__Task item__
Could you write out every record below exactly, leaving out any pictures?

__Dataset extract__
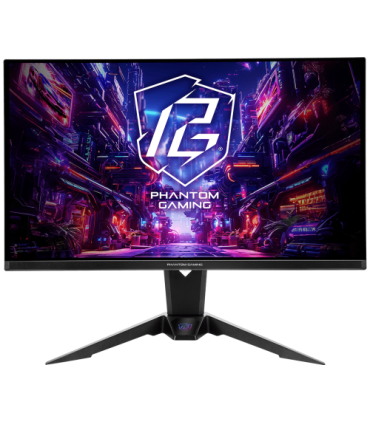 Asrock PGO27QFV pantalla para PC 68,6 cm (27") 2560 x 1440 Pixeles Quad HD QD-OLED Negro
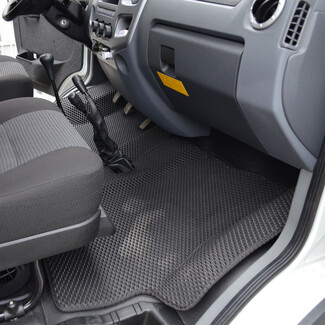 Ворсовые коврики на ГАЗ ГАЗель бизнес 9 мест 2020 - 2026 в Омске Ворсовые коврики на ГАЗ ГАЗель бизнес 9 мест 2020 - 2026 в Омске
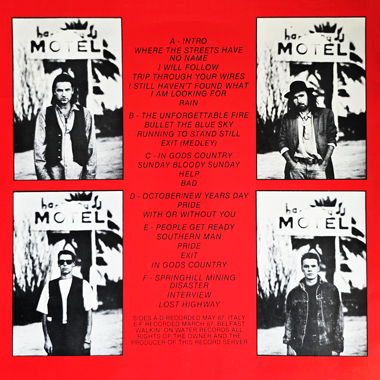 U2 propaganda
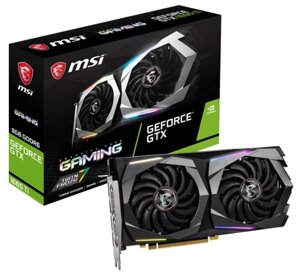 Видеокарта MSI GeForce GTX 1660 Ti 1770MHz PCI-E 3.0 6144MB 12000MHz 192 bit 3xDisplayPort HDMI HDCP GAMING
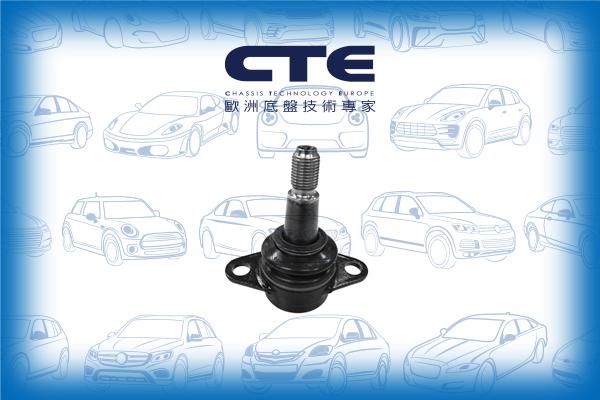 CTE CBJ09012 - Шаровая опора, несущий / направляющий шарнир autospares.lv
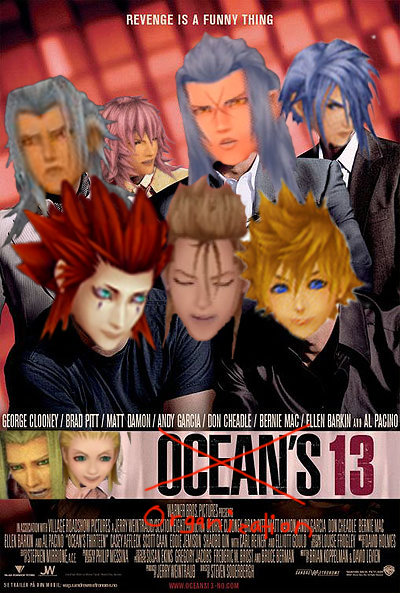 KH2 - Ocean's 13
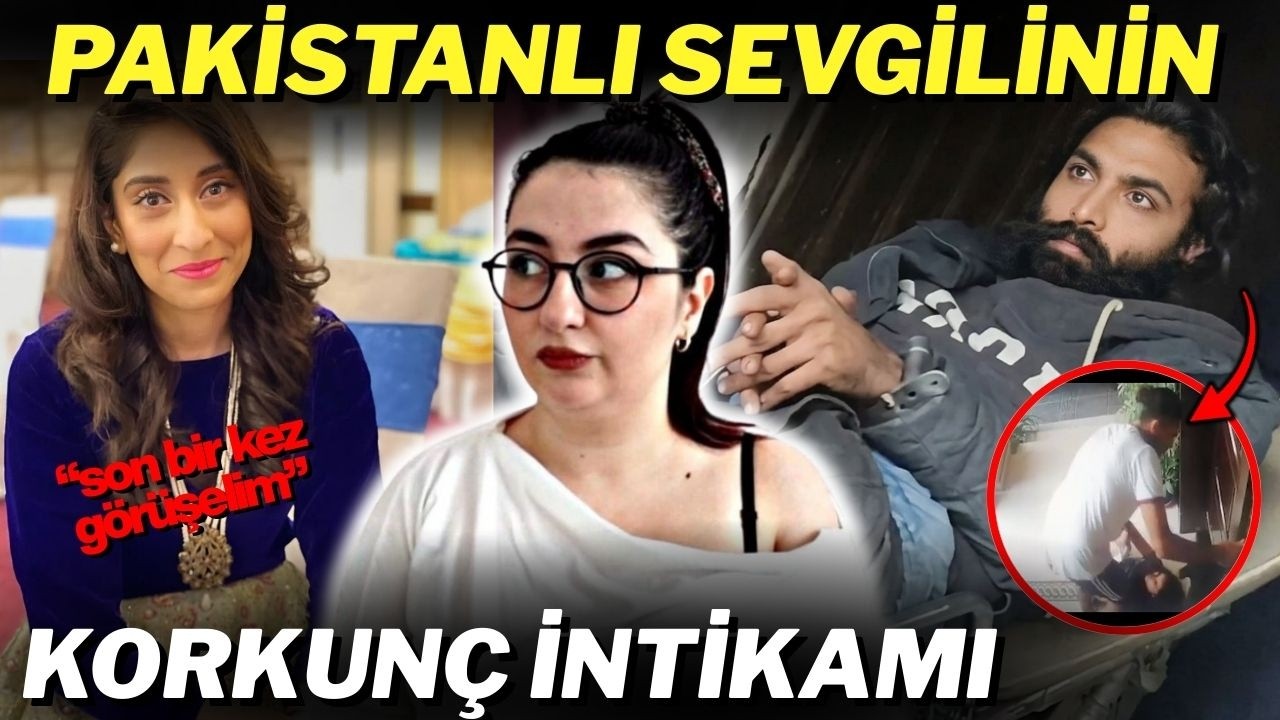 PAKİSTANLI KADIN EVLİLİK  TEKLİFİNİ REDDEDİNCE OLANLAR OLDU !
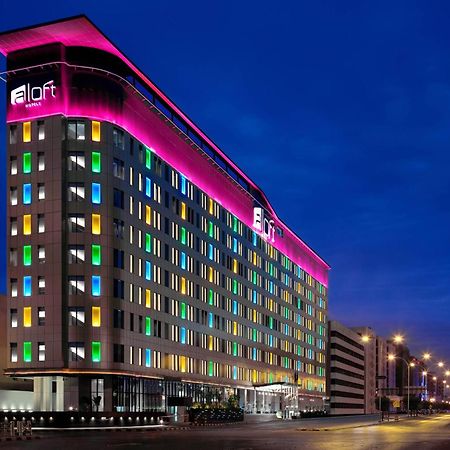 Aloft Riyadh Hotel Exterior foto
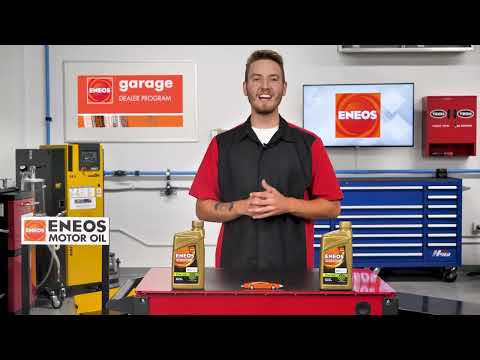 Why Choose 0W-20 Low Viscosity Oil? // ENEOS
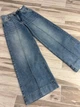 Джинсы женские Its Basic 3717-31 PALAZZO jeans свободные палаццо широкие клеш стрелка длинные 36 светло синие - изображение 4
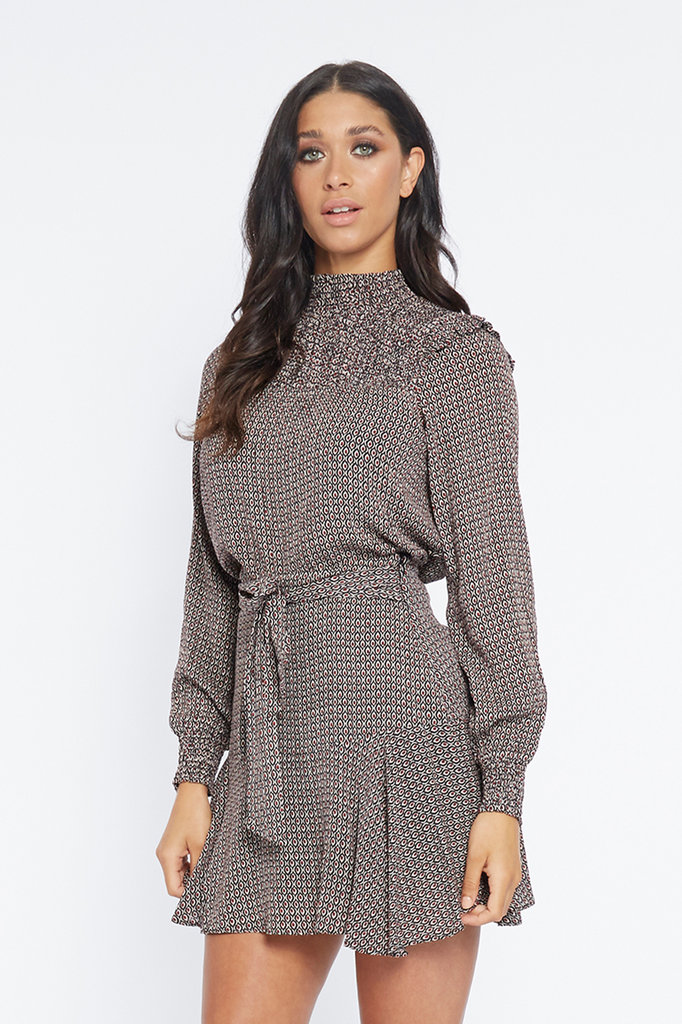 Lofty Manner Red Blouse Robine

__Your solution__
 Asrock PGO27QFV pantalla para PC 68,6 cm (27") 2560 x 1440 Pixeles Quad HD QD-OLED Negro
 Ворсовые коврики на ГАЗ ГАЗель бизнес 9 мест 2020 - 2026 в Омске Ворсовые коврики на ГАЗ ГАЗель бизнес 9 мест 2020 - 2026 в Омске
 U2 propaganda
 Видеокарта MSI GeForce GTX 1660 Ti 1770MHz PCI-E 3.0 6144MB 12000MHz 192 bit 3xDisplayPort HDMI HDCP GAMING
 CTE CBJ09012 - Шаровая опора, несущий / направляющий шарнир autospares.lv
 KH2 - Ocean's 13
 PAKİSTANLI KADIN EVLİLİK  TEKLİFİNİ REDDEDİNCE OLANLAR OLDU !
 Aloft Riyadh Hotel Exterior foto
 Why Choose 0W-20 Low Viscosity Oil? // ENEOS
 Джинсы женские Its Basic 3717-31 PALAZZO jeans свободные палаццо широкие клеш стрелка длинные 36 светло синие - изображение 4
 Lofty Manner Red Blouse Robine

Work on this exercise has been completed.